David Cameron has announced a massive programme of housing estate regeneration. Around 100 estates around the country will be part of a £140m programme to improve so-called 'sink estates' built in the 50s and 60s.
Which estates will be affected are yet to be announced, but some fear the programme will lead to residents being 'decanted' or priced out, particularly as Cameron says "for some [estates], this will simply mean knocking them down and starting again". The plan is also to increase density by building private homes among the estates, to fund the regeneration.
Estate agent Savills has produced figures which show the average housing estate in London could produce 73% more homes if tower blocks were ripped down and replaced with terraces and low-rise blocks. Such homes are far more popular and suited to families than massive high-rises, and genuinely can produce more homes. Would it surprise you, for example, to learn that genteel Kensington and Chelsea has the second highest population density in England and Wales?
In theory it's an admirable idea — mixed tenancies emphasise the very best aspects of London, the way we all rub along side by side. However, it's the idea behind the estate regenerations at the Heygate, Aylesbury, Woodberry Down, Carpenter's, West Kensington, Gibb's Green, Cressingham Gardens and Sweets Way, among others. Yet it generally leads to the breaking up of communities and lack of genuinely affordable housing. That is, after all, what's happened at the Heygate, Aylesbury, Woodberry Down, Carpenter's, West Kensington, Gibb's Green, Cressingham Gardens and Sweets Way.
The suspicion that regeneration is partly a cover for social cleansing is reinforced by Cameron linking national security and the 2011 riots with housing estates in his article for The Sunday Times:
The riots of 2011 didn’t emerge from within terraced streets or low-rise apartment buildings. As spatial analysis of the riots has shown, the rioters came overwhelmingly from these post-war estates.

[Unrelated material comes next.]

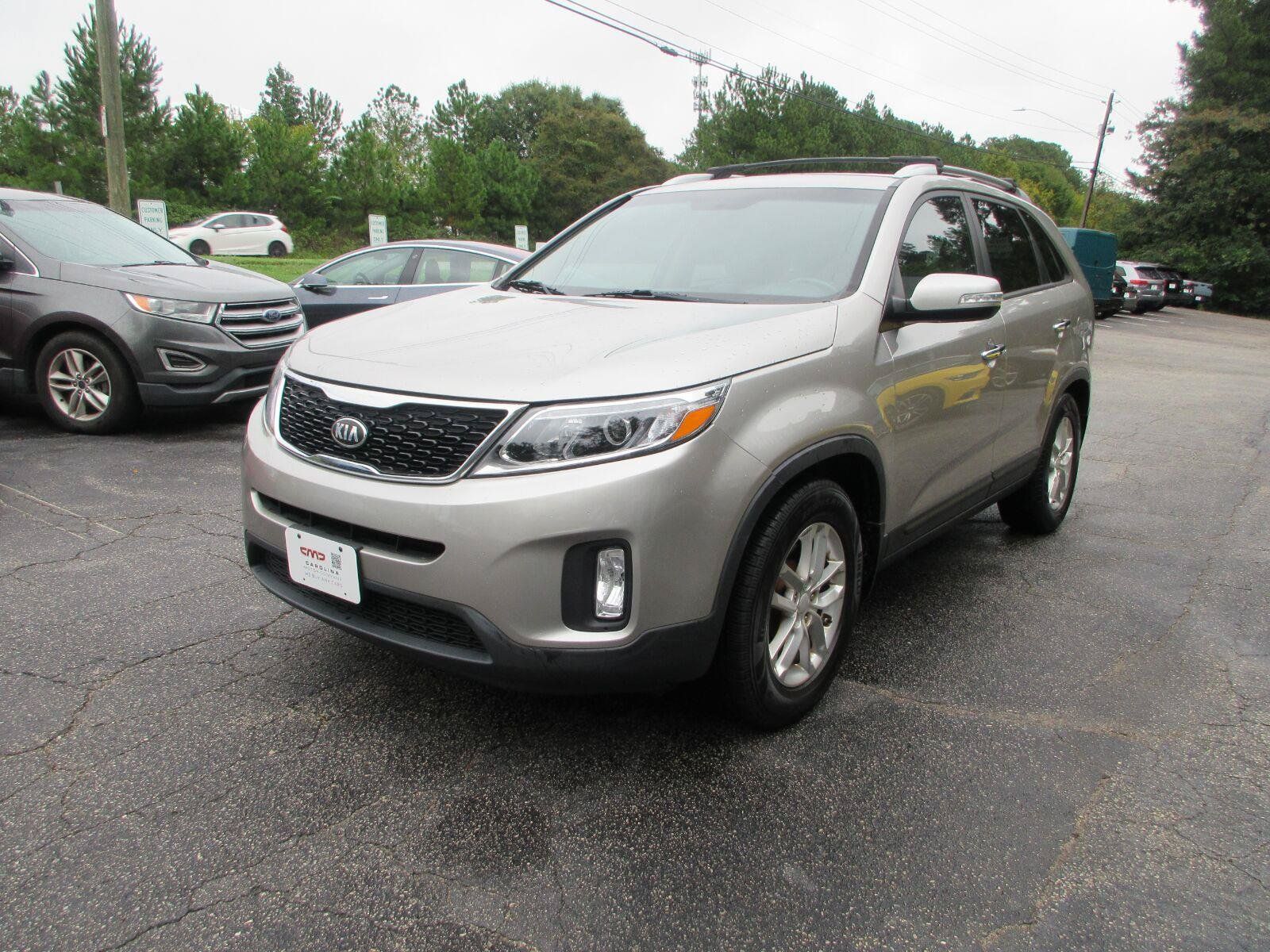 Used 2014 Kia Sorento LX FWD image 1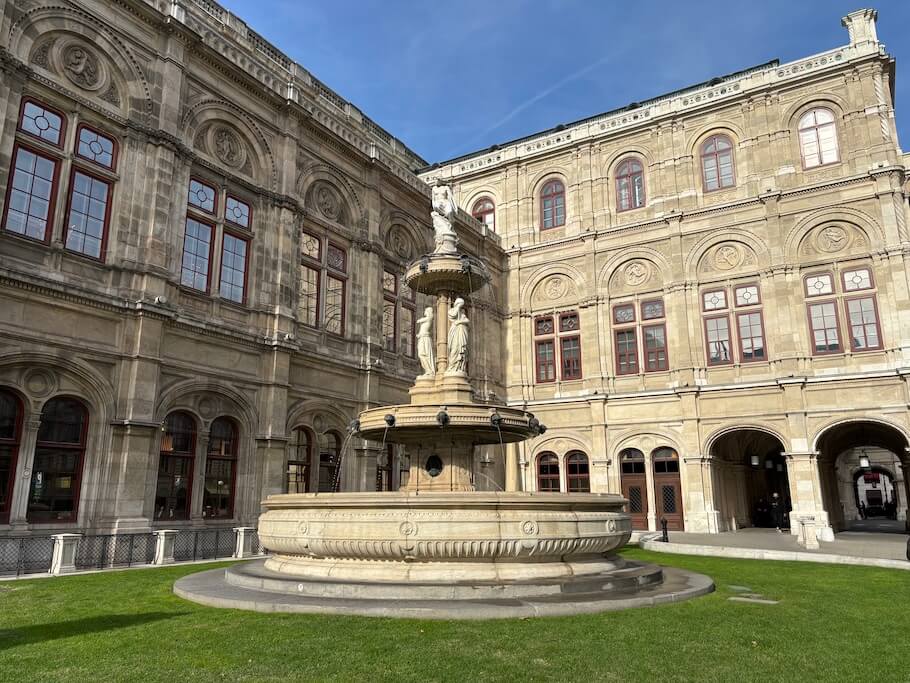 iPhone 15 Foto Brunnen_Zoom-Modus-1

But buildings don't cause crime or alienation. Poverty causes that — we can spruce up all the homes we like, it won't make a difference if the people in them don't have meaningful jobs that pay a decent wage.
The Prime Minister promises "a set of binding guarantees for tenants and homeowners so that they are protected", which we hope means promises of homes for all residents at current rent levels. We await details.
Zac Goldsmith is pledging to institute a similar promise if he gets elected as mayor in May. He's offering what he calls a Residents' Redevelopment Guarantee, which he says would be
a legal guarantee that if you live there now, you will return to a better home and not pay a penny more in rent than you currently do.
It also promises that residents would never be 'decanted' — moved elsewhere while building takes place — and would only ever move once, from their old home to their new one.
Such a recognition of the rights of existing tenants is what we've been looking for from politicians for years. However, all this needs to be seen against the backdrop of government plans to impose limits on social housing tenancies, and Goldsmith's own admission to the Camden New Journal that there's a "mathematical obstacle" preventing new homes that are built as replacements for Right To Buy being constructed in the same area as those sold off. Such moves make the safety net of social housing much more difficult to access for anyone not currently in that system.